This is an automated email from the ASF dual-hosted git repository.
scovich pushed a commit to branch main
in repository https://gitbox.apache.org/repos/asf/arrow-rs.git
The following commit(s) were added to refs/heads/main by this push:
new 55ff6eb788 add `shred_variant` support for `LargeUtf8` and
`LargeBinary` (#9554)
55ff6eb788 is described below
commit 55ff6eb7885f757f2d8637400f223eb84bb6a500
Author: Konstantin Tarasov <[email protected]>
AuthorDate: Mon Mar 16 10:23:01 2026 -0400
add `shred_variant` support for `LargeUtf8` and `LargeBinary` (#9554)

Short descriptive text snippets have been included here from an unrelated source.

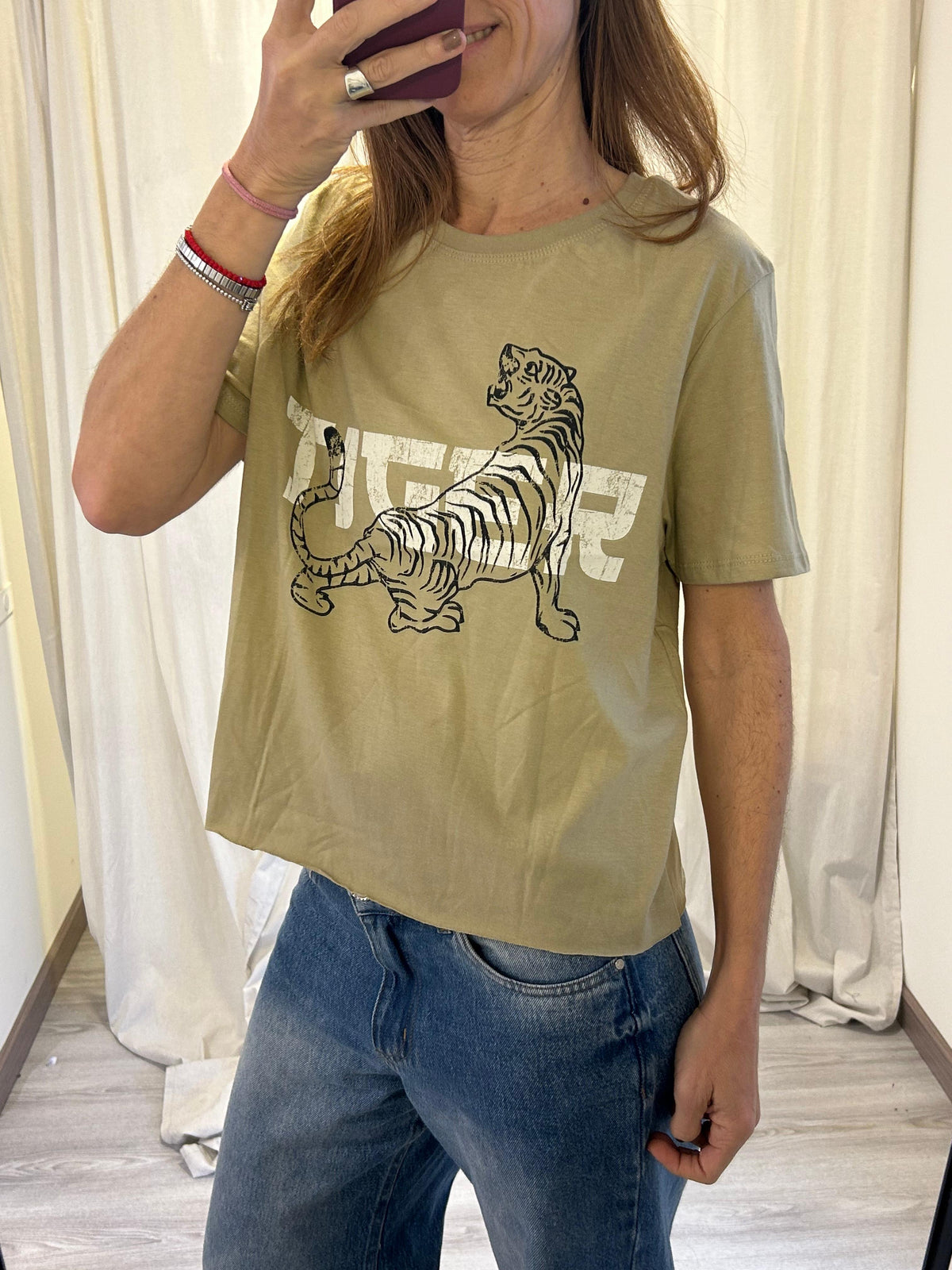 Polera Court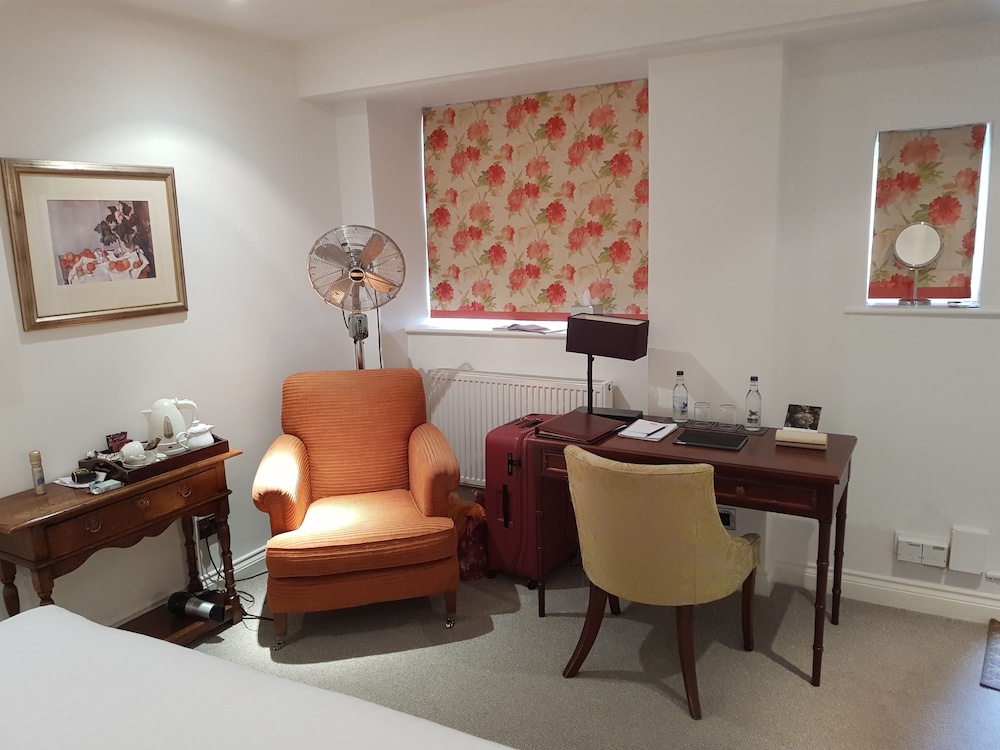 Noel Arms Hotel 32/49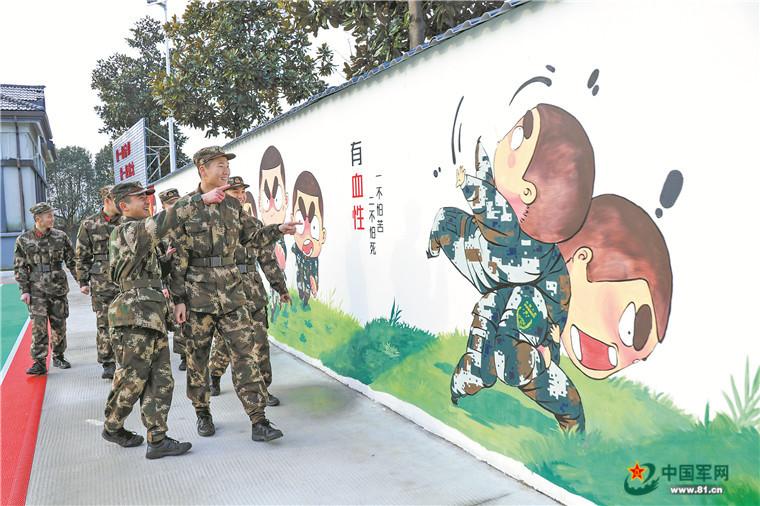 武警湖州支队发挥官兵画出咱们的心里话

# Which issue does this PR close?
- Closes #9525 .
# Rationale for this change
check issue.
# What changes are included in this PR?
Add `shred_variant` support for `LargeUtf8` and `LargeBinary`
# Are these changes tested?
Yes, unit tests.
# Are there any user-facing changes?
No
---
parquet-variant-compute/src/shred_variant.rs | 122 ++++++++++++++++++++++++++-
1 file changed, 118 insertions(+), 4 deletions(-)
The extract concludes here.